The walk, pentagon shape, timeline, towers and beam are all just the first of three phases of the memorial, said Sharon Strausbaugh of the September 11 Memorial Walkway Committee at the dedication. The next phases are tributes to Flight 93, which crashed in Pennsylvania, and a gathering area that will include sponsor bricks.
The number 343 was often repeated throughout the ceremony, as it was the number of firefighters killed 15 years ago.
The ceremony started as 343 firefighters walked silently, save for the muted clanking of their turnout gear, from the Belle Clair Fairgrounds to the firehouse. Each man and woman from metro-east fire departments represented a firefighter killed on Sept. 11.
Belleville Fire Chief Tom Pour made two promises in his remarks to the crowd of more than 400. The committee will continue to work toward a complete memorial, one that also honors the victims of Flight 93; and he will have an annual ceremony for any firefighter that dies in the line of duty in Southern Illinois.
“The key things we still have to get done are for Flight 93,” Pour said after the ceremony.
The key person in the memorial’s presence at all in Belleville agreed that Flight 93 must be included.

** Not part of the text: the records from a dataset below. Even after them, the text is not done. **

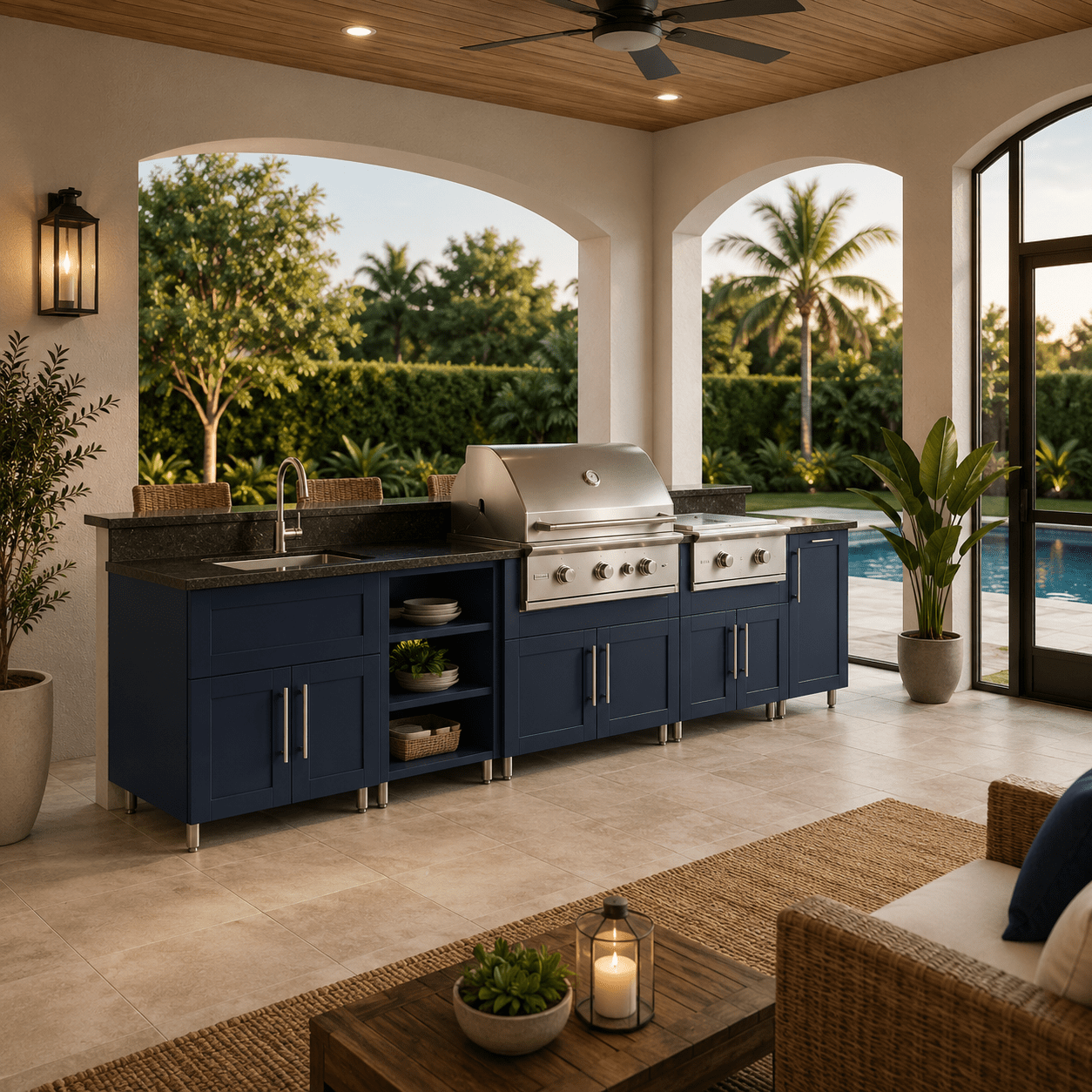 12ft.1in. WeatherStrong Outdoor Kitchen Island Ready For Grill, Griddle, Trash, Open Shelf and Sink - Sunzout Outdoor Spaces LLC
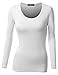Doublju Fitted Round Neck T-Shirt Top with Chest Pockets White Large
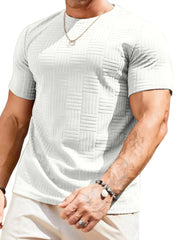 JMIERR Mens Solid Round Neck Tee Short Sleeve Slim Gym Workout Athletic T-Shirts US40(M) White - Jackie's Majestic Trinkets & Garments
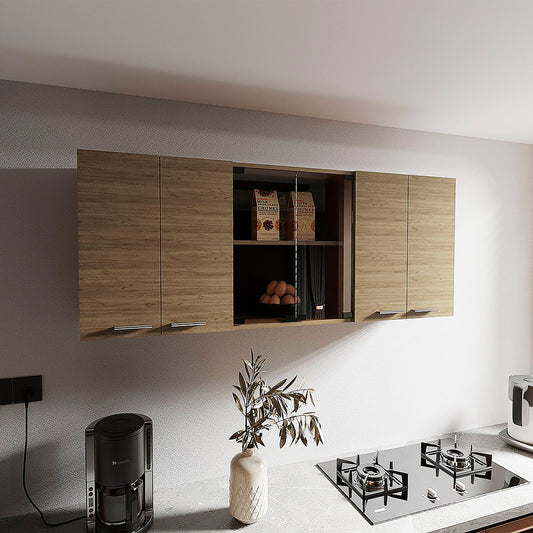Tuhome Superior 150 Wall Cabinet with Six Doors, Glass Center Display, Built-In Dish Rack, Four Interior Shelves, Double-Door Storage, Kitchen Wall Organizer for Dishes, Cups, and Small Appliances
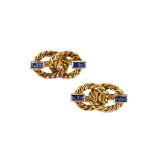 A pair of sapphire cufflinks, by Tabbah, designed as two interlocking rope hoops, each intersected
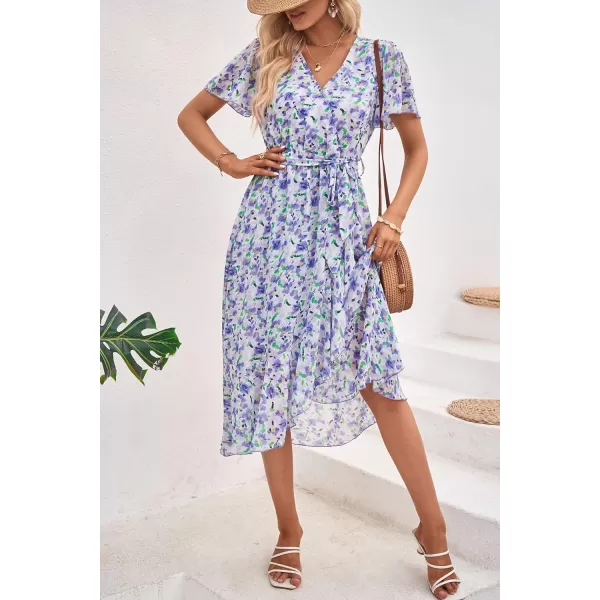 imagePRETTYGARDEN Womens 2023 Floral Boho Dress Wrap V Neck Short Sleeve Belted Ruffle Hem ALine Flowy Maxi DressesWhite Purple Floral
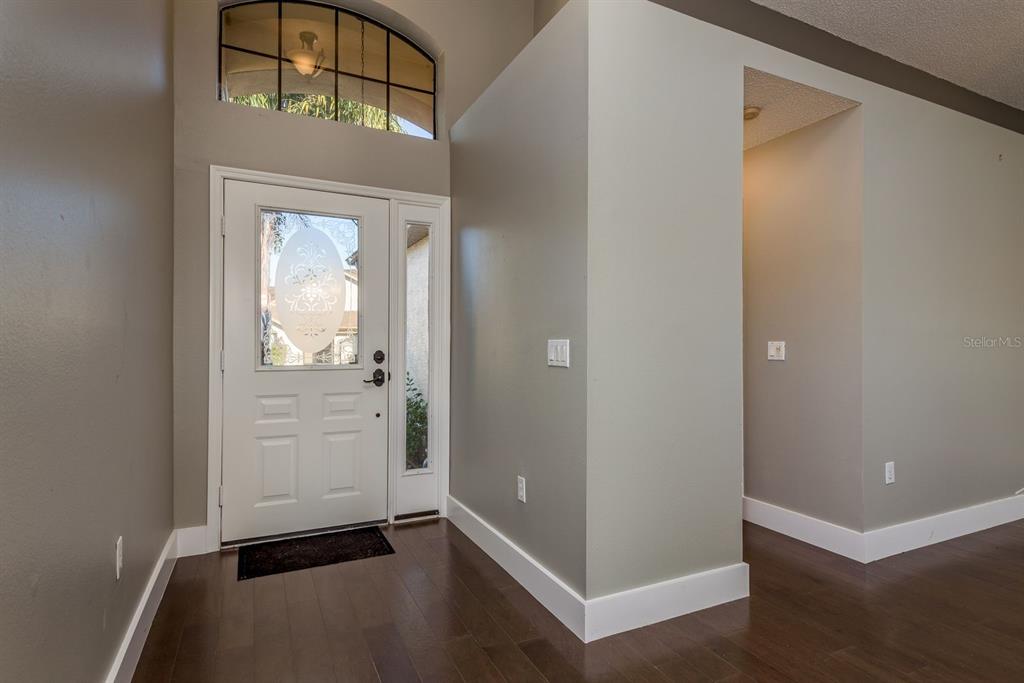 An entryway features dark wood flooring, a white front door, and a high arched window — 9326 PALM HAVEN COURT, NEW PORT RICHEY, FL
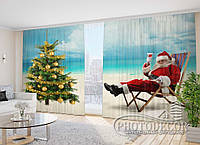 Новогодние Фото Шторы "Дед Мороз на море" 2,7м*5,0м (2 полотна по 2,5м), тесьма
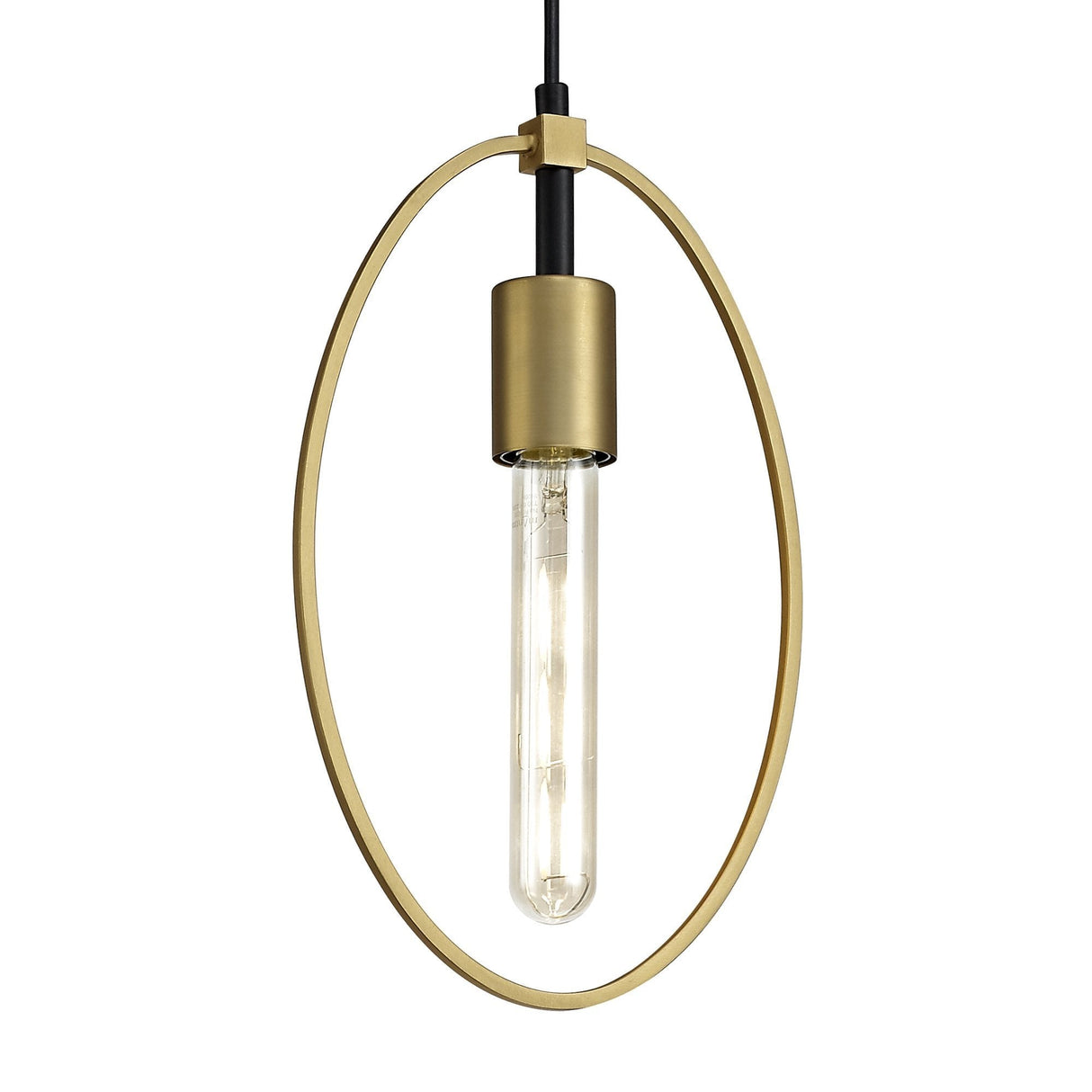 Elegant Sand Gold and Matt Black Pendant Light - Single Small Circle Design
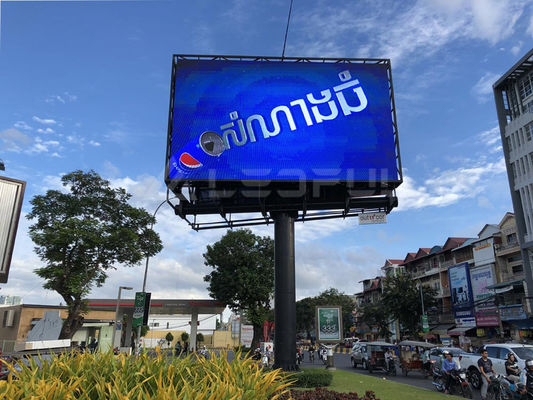 Fixed P10 SMD2121 Outdoor Full Color LED Die-Cast Aluminum 16-bit Grayscale Levels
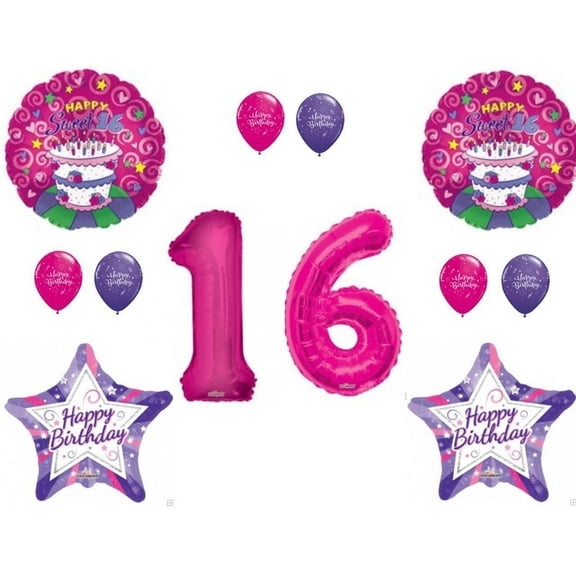Sweet 16 Cake 16th Birthday Party Balloons Decoration Supplies Sixteen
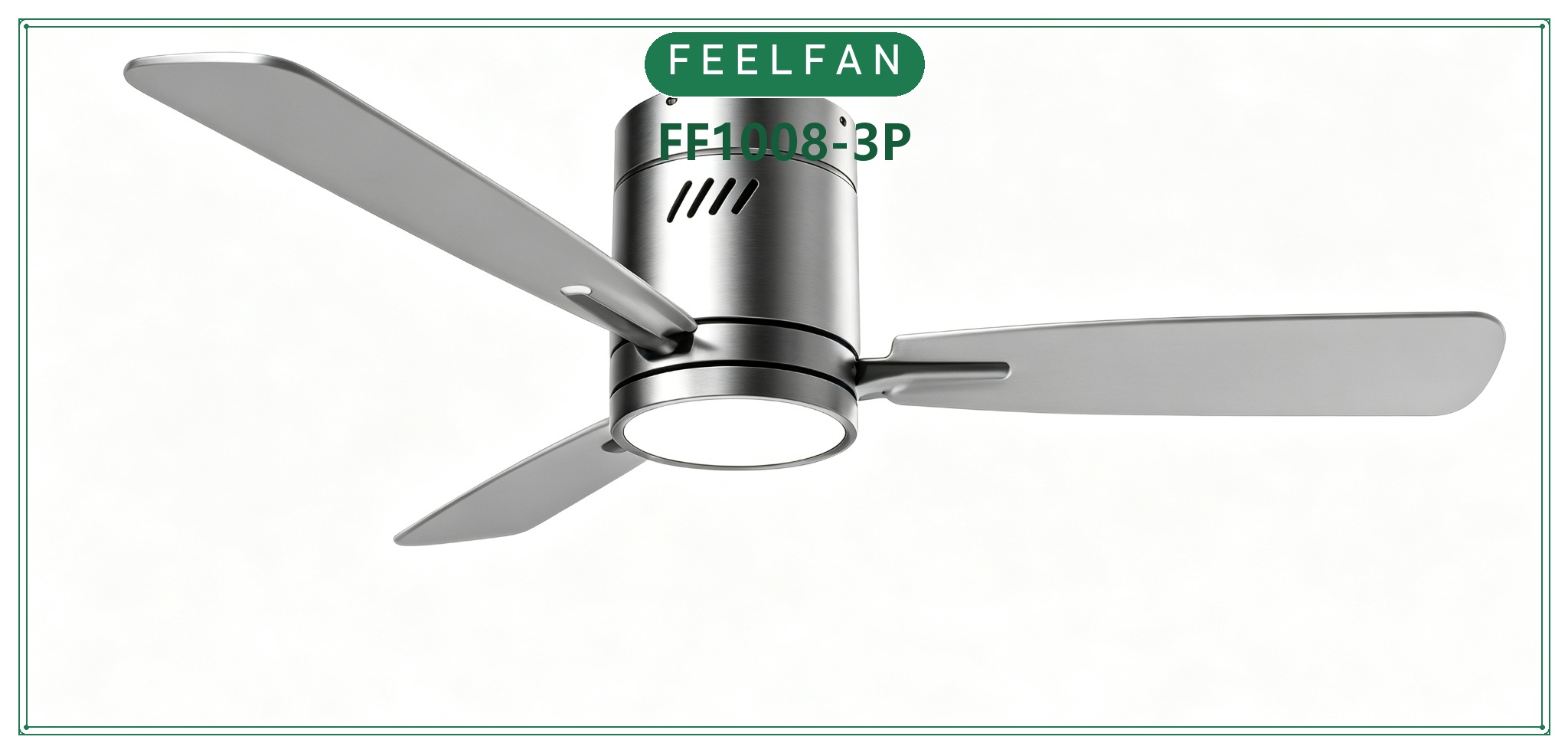 FEELFAN FF1008-3P / FF1008-5P 3 & 5-Blade Low Profile BLDC Ceiling Fan with LED Light variant 2 — Nickel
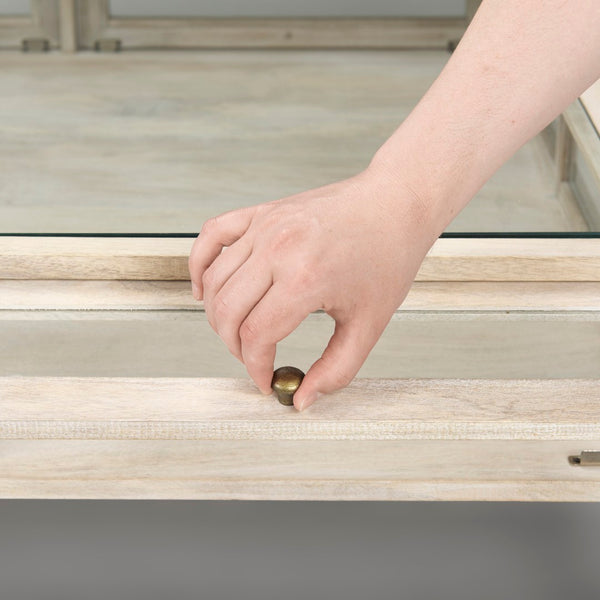 Mercana Arelius 42" Glass-Top Display Coffee Table with Sturdy Metal Base for Stylish Home Décor Showcase White Wood | Gold Metal | Square 69298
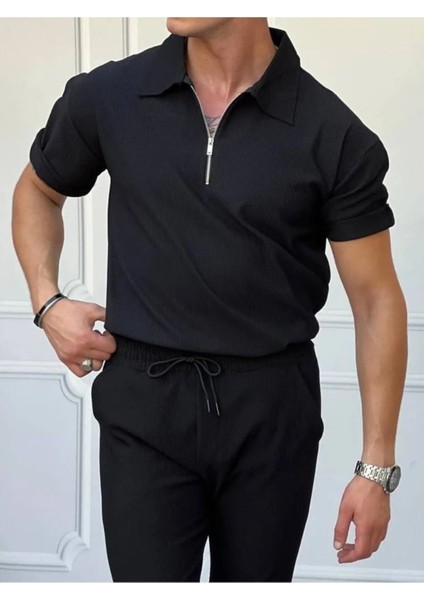 Unisex Erkek-Kadın Fitilli Polo Yakası Fermuarlı Ottoman T-Shirt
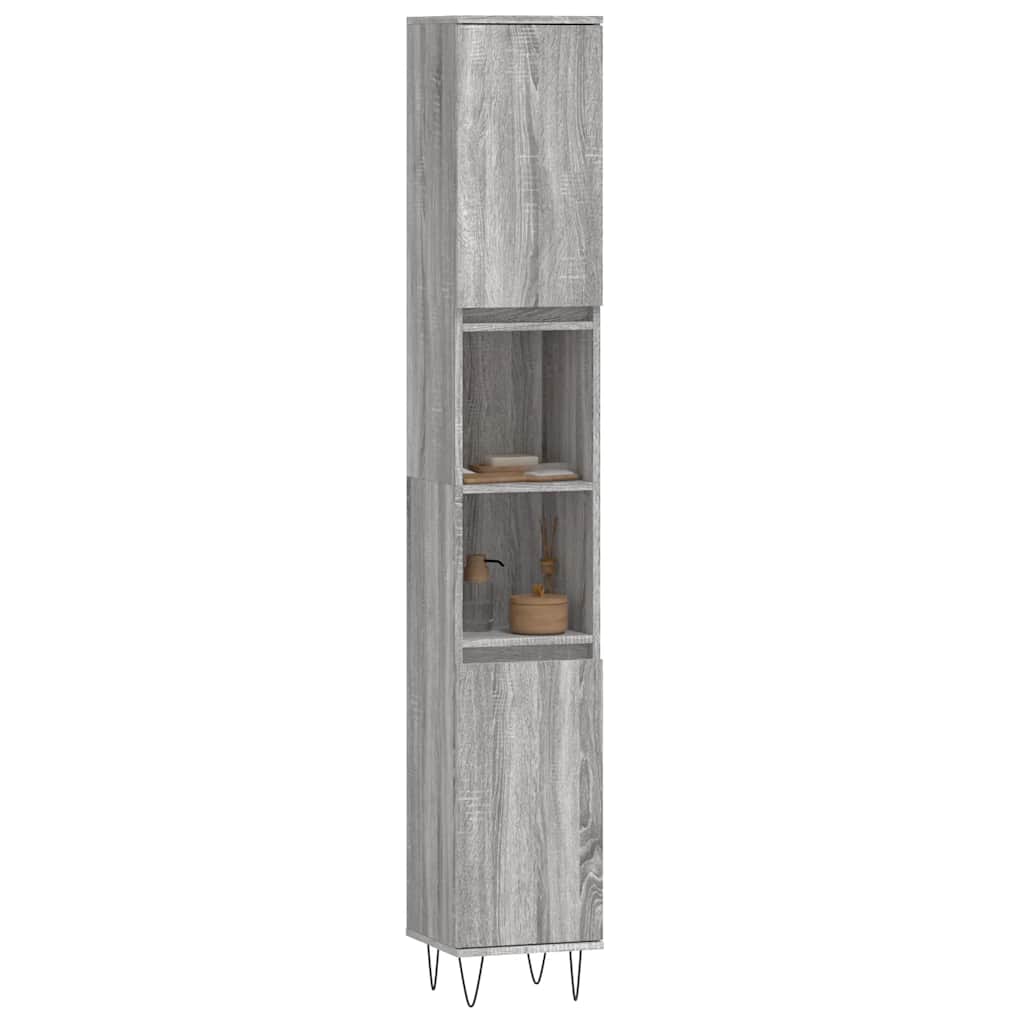 vidaXL Bathroom Cabinet Grey Sonoma 30x30x190 cm Engineered Wood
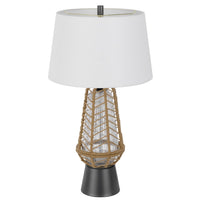 Lantern Table Lamp with Night Light, Burlap Wrapped Glass Body, Gray Metal - BM351716
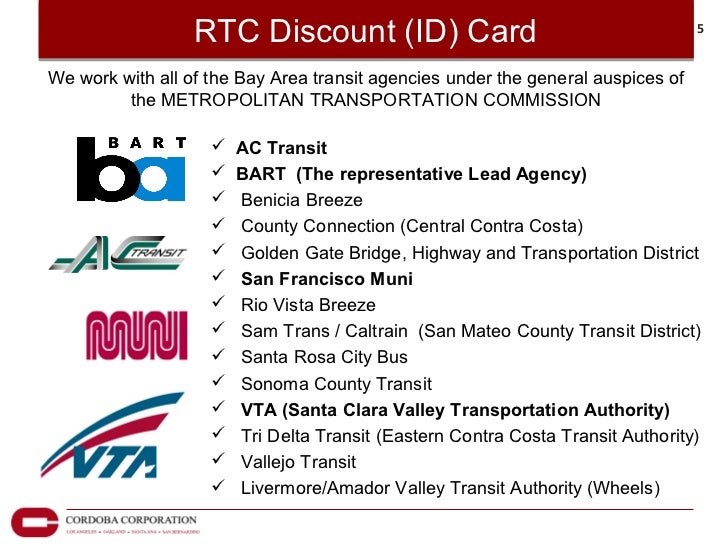 Bart Regional Transit Connection Discount Card Program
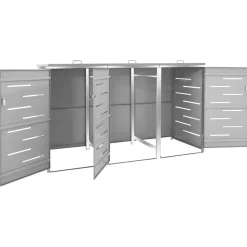 vidaXL Containerberging driedubbel 207x77,5x115 cm roestvrij staal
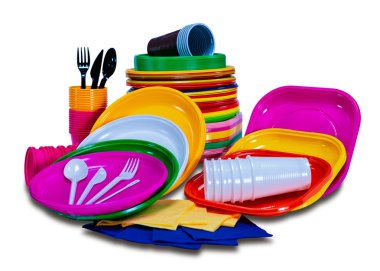 Plastik tek kullanımlık sofra ve tabak çatal piknik
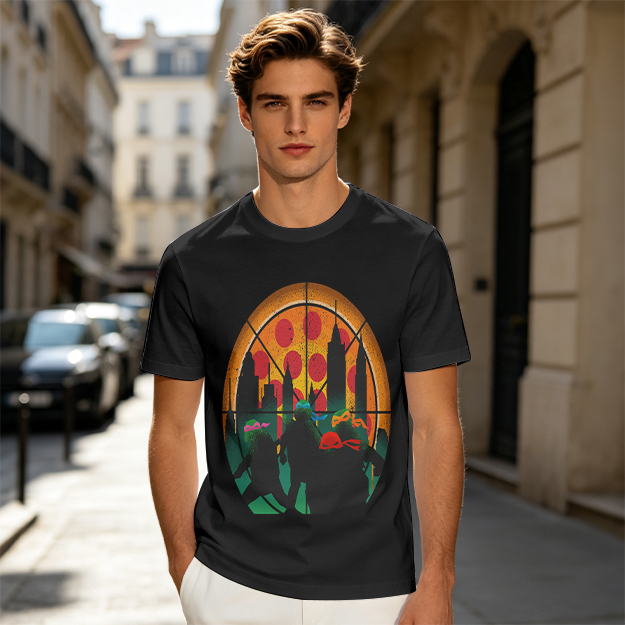 Olive T-Shirt With Ninja Turtles Pizza City Silhouette Print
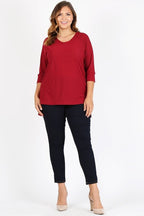 Bagel Plus Size Knit V-Neck Hi-Low Top – Flattering Everyday Style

Linda Weisenstein was widely credited on Sunday with having both the idea and the determination to make the memorial happen in Belleville. She had brought an article to the attention of the Eckert administration that the Port Authority was providing artifacts of Ground Zero.
“We needed to be respectful ... this is not a car show or a craft show,” Weisenstein said after the ceremony on Sunday, when the crowd had dwindled to a couple dozen people who were walking and reading along the walkway’s timeline. “It had to be done in a very solemn way, and we wanted to include everyone.”